Work instructions => With the pictures left out, every record must be reproduced exactly.
====== Data for analysis ======
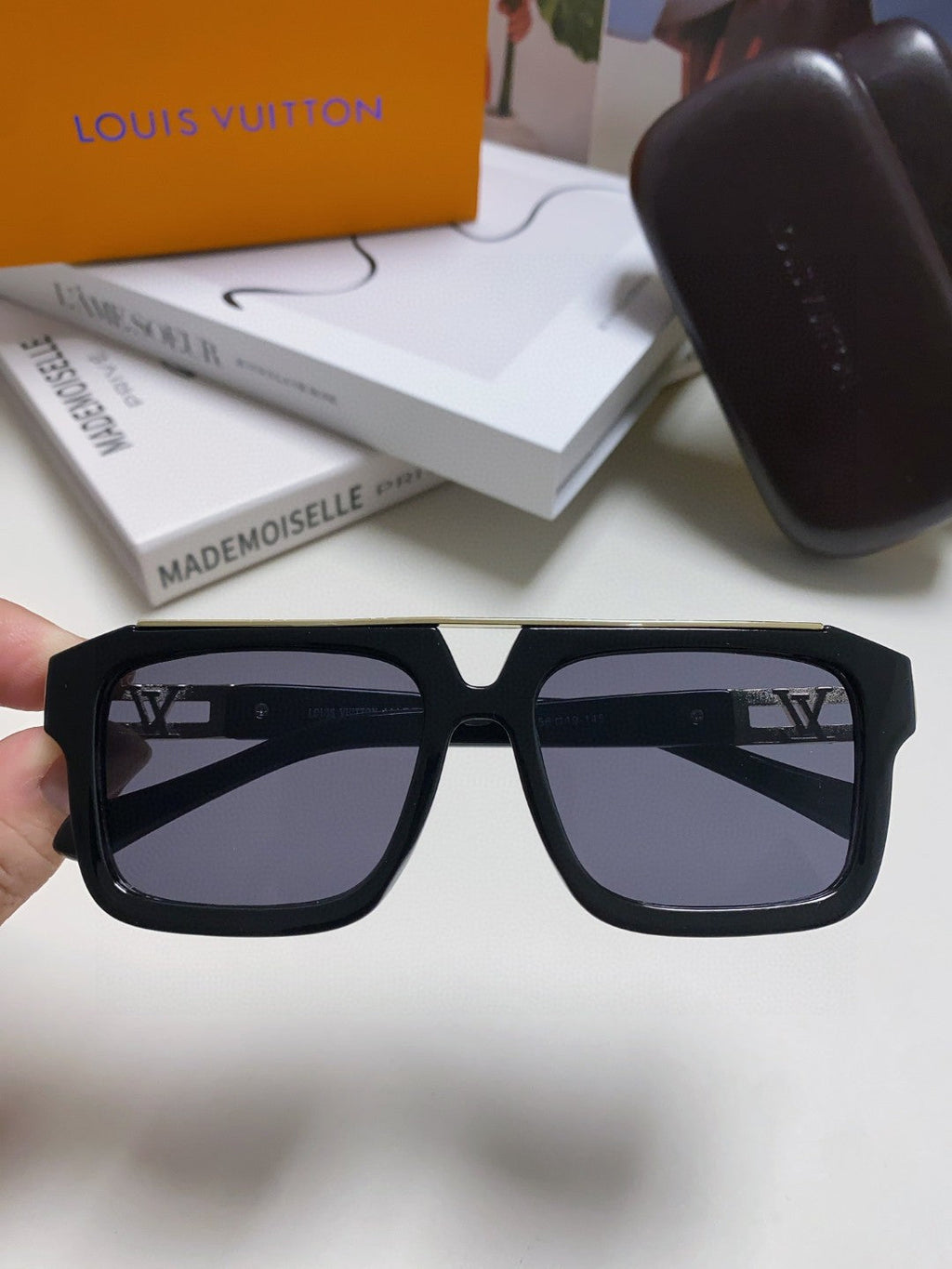 LOUIS VUITTON MASCOT PILOT SQUARE SUNGLASS 581378 IN BLACK ACETATE GOLD METAL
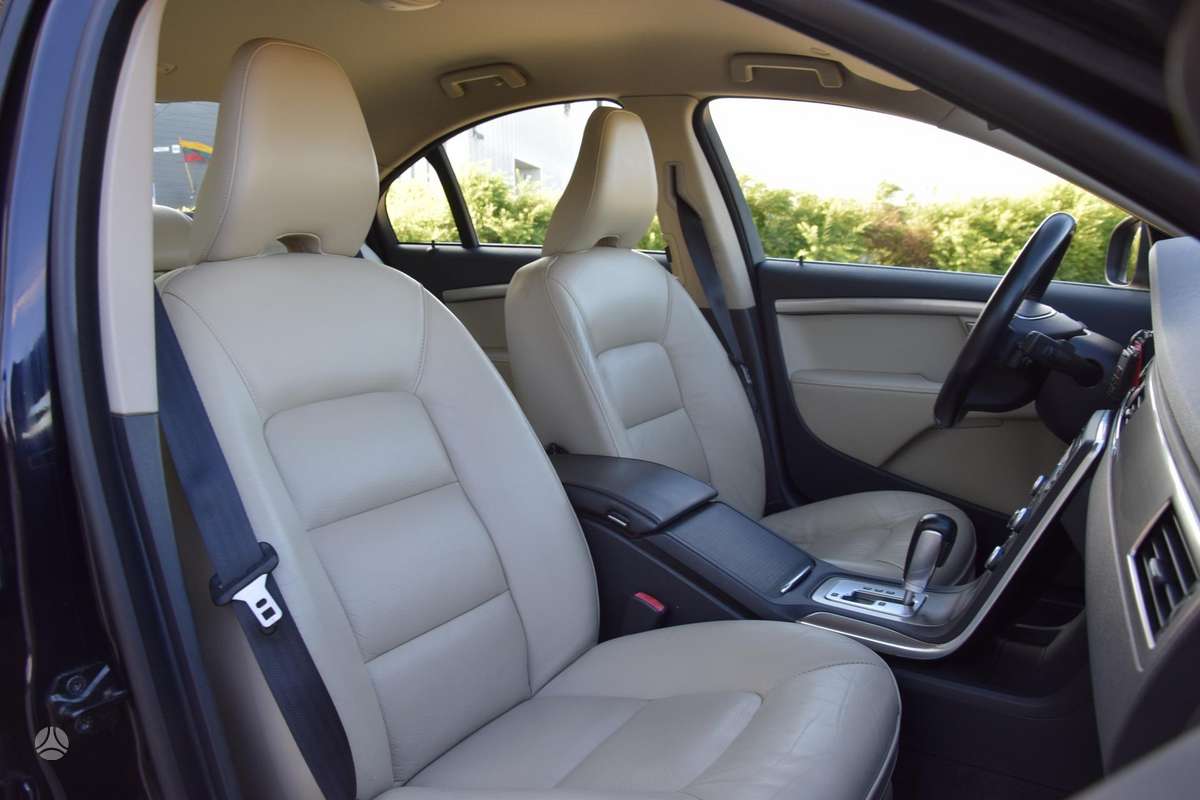 Volvo S80, 2.0 l., Седан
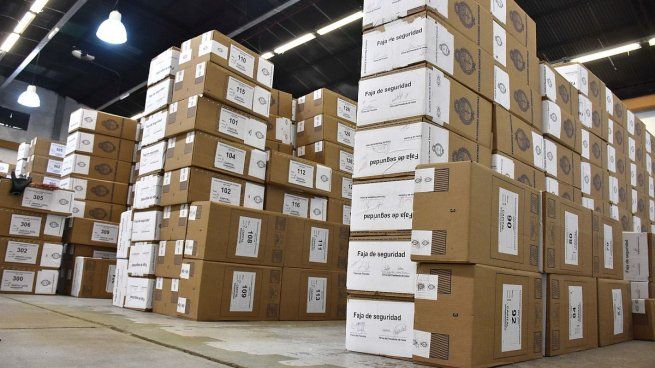 El operativo incluyó el traslado de urnas y máquinas de votación bajo estricta custodia, en medio de intensas lluvias, hacia los 1.125 establecimientos habilitados en la Ciudad.
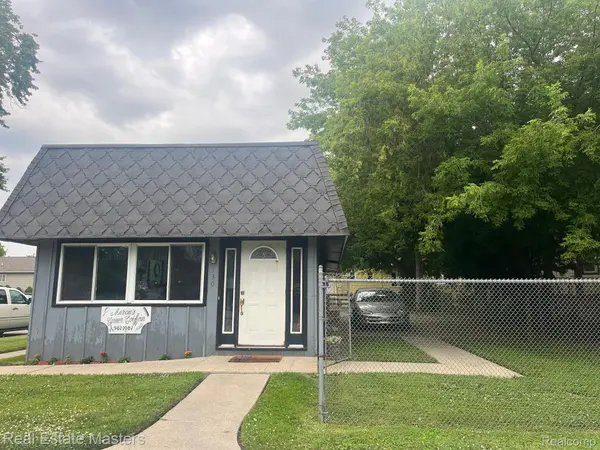 730 15TH ST, Port Huron, MI 48060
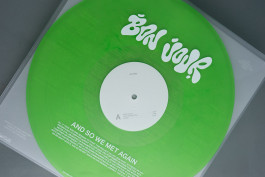 Leo-Constantin-Scheichenost-Creative-Director-Consulting-Markenaufbau-Lettering-Illustration-Freelancer-Lettering-Bon-Jour-Band-Music-4 Leo-Constantin-Scheichenost-Creative-Director-Consultant-Entrepreneur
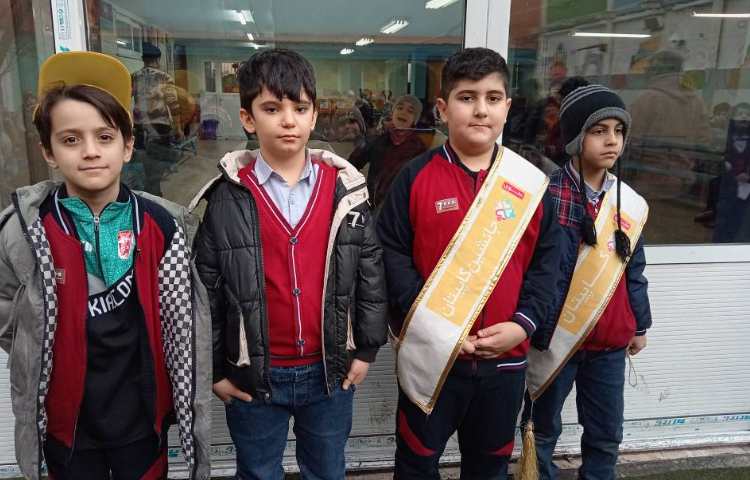 خوشامدگویی و صبحگاه گروه زرد طرح چهارخانه 5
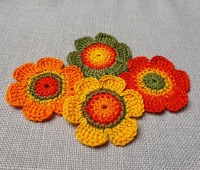 4er-Set Häkelblumen in sonnigen Farben - 6 cm groß 2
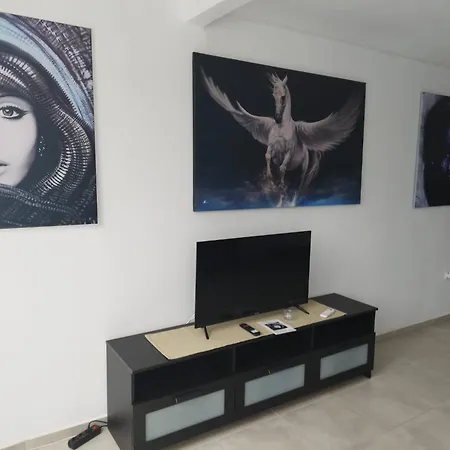 Mit Schoener Aussicht Und Balkon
======
Response below =>
 LOUIS VUITTON MASCOT PILOT SQUARE SUNGLASS 581378 IN BLACK ACETATE GOLD METAL
 Volvo S80, 2.0 l., Седан
 El operativo incluyó el traslado de urnas y máquinas de votación bajo estricta custodia, en medio de intensas lluvias, hacia los 1.125 establecimientos habilitados en la Ciudad.
 730 15TH ST, Port Huron, MI 48060
 Leo-Constantin-Scheichenost-Creative-Director-Consulting-Markenaufbau-Lettering-Illustration-Freelancer-Lettering-Bon-Jour-Band-Music-4 Leo-Constantin-Scheichenost-Creative-Director-Consultant-Entrepreneur
 خوشامدگویی و صبحگاه گروه زرد طرح چهارخانه 5
 4er-Set Häkelblumen in sonnigen Farben - 6 cm groß 2
 Mit Schoener Aussicht Und Balkon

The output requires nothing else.